La previdenza dei lavoratori dello spettacolo è nata negli anni ‘50 con il D.L.C.P.S. 708/1947 per sostenere un settore, che necessitava di maggiori tutele sul piano gius-lavoristico previdenziale, in tempi in cui chi praticava l’arte dello spettacolo era considerato senza mestiere.
L’evoluzione dei tempi ha dimostrato il contrario.
Con variegati, plurimi, successivi provvedimenti legislativi si è cercato di conferire linfa vitale alla categoria dei lavoratori dello spettacolo, maggior impulso occupazionale, formazione datoriale al fine di educare ed abituare il committente a garantire all’artista oltre ad una corretta retribuzione una tutela previdenziale uguale a quella in essere nel settore pubblico e privato.
Nonostante i consistenti input legislativi migliorativi della tutela assicurativa e previdenziale della categoria, effettuata anche grazie all’ausilio di dottrina e giurisprudenza per alimentare e sostenere queste interessanti professionalità, questo settore dai più è ritenuto ancora lacunoso e frammentario e necessiterebbe di ausilio e forme di tutela più consistenti: frequente giustificazione argomentativa, addotta per sostenere la diffusa frequenza all’evasione contributiva e previdenziale.
È pur vero che la normativa dei lavoratori dello spettacolo risulta ancora poco conosciuta, ma ciò è imputabile anche ai plurimi ambiti settoriali, che la lambiscono per la natura particolarmente versatile e poliedrica, che presenta, abbracciando un ventaglio di discipline artistiche, che cammina di pari passo con lo sviluppo delle moderne tecnologie.

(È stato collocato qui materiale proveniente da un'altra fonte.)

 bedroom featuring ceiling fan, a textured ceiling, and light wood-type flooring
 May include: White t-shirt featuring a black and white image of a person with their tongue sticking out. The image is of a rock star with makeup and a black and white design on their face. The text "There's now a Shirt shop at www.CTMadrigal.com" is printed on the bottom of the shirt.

L’artista non viene scelto per la professionalità: non sono previsti specifici titoli abilitativi per procedere formalmente e correttamente alle assunzioni.
Quello che contraddistingue un artista rispetto ad un altro è esclusivamente l’intuitus personae, ovvero la tipicità e le caratteristiche personali che lo rendono tale.
Un artista può diventare famoso anche con un solo prodotto discografico, perché in quel momento storico riesce a rappresentare al meglio la nazione, il popolo, il pubblico e lo fa permeando e corroborando il prodotto artistico che offre, amalgamandolo delle sue potenzialità individuali, che agevolano i canali di empatia.
Abbiamo avuto nel tempo esempi storici di artisti che hanno conquistato la notorietà e drogato le masse prima ancora dell’esibizione.
Questa caratteristica incide sull’aumento dei cachet, che vengono richiesti per commissionarne le prestazioni.
È una realtà che ha un riflesso immediato e diretto sugli obblighi di versamento della contribuzione da osservare in loro favore, direttamente proporzionale al compenso ricevuto per ciascuna esibizione, anche nei casi in cui la stessa venga resa in forma autonoma, in piena autonomia espressiva.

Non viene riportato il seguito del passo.